不死叢:「これで我々は遺跡探索のコツを、びしっと身に付けましたなぁ」
英二:「ああ。これでいよいよ楽器探しに行けるのかぁ」
 感慨深気に言う英二。これからは、どの遺跡に目指す黄金の楽器が眠っているかを見定めて、そこを探索してゆくことになる……はずだった。玉三郎が、口を開く前までは。
玉三郎:「あ、その前にサイコロ振ろう」
英二:「へっ?」
 きょとんとする英二に構わず、玉三郎は紙製のちゃちなサイコロを取り出した。その様子を見て、げらげらと笑う不死叢。
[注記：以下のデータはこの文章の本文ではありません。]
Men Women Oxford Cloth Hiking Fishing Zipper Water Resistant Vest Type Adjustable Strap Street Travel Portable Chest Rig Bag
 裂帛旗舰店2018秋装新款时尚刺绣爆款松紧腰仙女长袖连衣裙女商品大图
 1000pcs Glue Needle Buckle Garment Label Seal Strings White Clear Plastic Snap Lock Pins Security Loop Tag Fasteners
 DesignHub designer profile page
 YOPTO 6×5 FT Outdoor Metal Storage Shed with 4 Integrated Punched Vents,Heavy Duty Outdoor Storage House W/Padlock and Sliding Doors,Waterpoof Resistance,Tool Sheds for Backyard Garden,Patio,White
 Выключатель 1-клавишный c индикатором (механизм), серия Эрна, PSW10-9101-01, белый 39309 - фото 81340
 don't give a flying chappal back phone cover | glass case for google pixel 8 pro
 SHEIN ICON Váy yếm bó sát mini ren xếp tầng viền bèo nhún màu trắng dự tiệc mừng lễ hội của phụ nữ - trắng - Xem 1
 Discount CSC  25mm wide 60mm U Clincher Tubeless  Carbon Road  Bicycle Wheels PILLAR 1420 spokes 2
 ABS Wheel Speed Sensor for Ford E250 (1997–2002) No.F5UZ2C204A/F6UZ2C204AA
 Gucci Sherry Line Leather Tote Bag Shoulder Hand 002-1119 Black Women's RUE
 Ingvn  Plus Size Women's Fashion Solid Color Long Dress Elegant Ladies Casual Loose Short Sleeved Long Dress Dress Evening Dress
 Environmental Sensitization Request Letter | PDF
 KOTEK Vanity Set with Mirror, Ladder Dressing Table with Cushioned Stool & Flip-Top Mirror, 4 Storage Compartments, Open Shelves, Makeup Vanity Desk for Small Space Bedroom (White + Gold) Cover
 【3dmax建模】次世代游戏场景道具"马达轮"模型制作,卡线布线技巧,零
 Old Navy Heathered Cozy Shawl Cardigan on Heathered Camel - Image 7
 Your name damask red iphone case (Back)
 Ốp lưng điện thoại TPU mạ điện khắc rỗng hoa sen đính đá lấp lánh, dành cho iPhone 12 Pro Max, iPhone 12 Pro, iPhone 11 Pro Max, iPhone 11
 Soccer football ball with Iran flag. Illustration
不死叢:「おや、サイコロ振りますか、お2人。そうですかぁ、振りますかぁ。実は私、エルザードでこのような物を……」
 そう言って不死叢が取り出した1冊の本。それは『ソーン観光ガイドマップ』という物であった。
不死叢:「さ、これでどこへなりとも行けますなぁ」
英二:「こんなもん、どこで売ってんだよ!! 熟死ー、何か言えよぉっ!」
熟死乃:「いやっ、俺は別に……」
 キレ気味の英二に対し、いつものように淡々と返す熟死乃。見れば、玉三郎はもうすでにサイコロを振る気まんまんであった。
 かくして――まだまだ一行の珍道中は続くのだった。この先どうなってゆくのか。それを知るのは、サイコロの神様のみである――。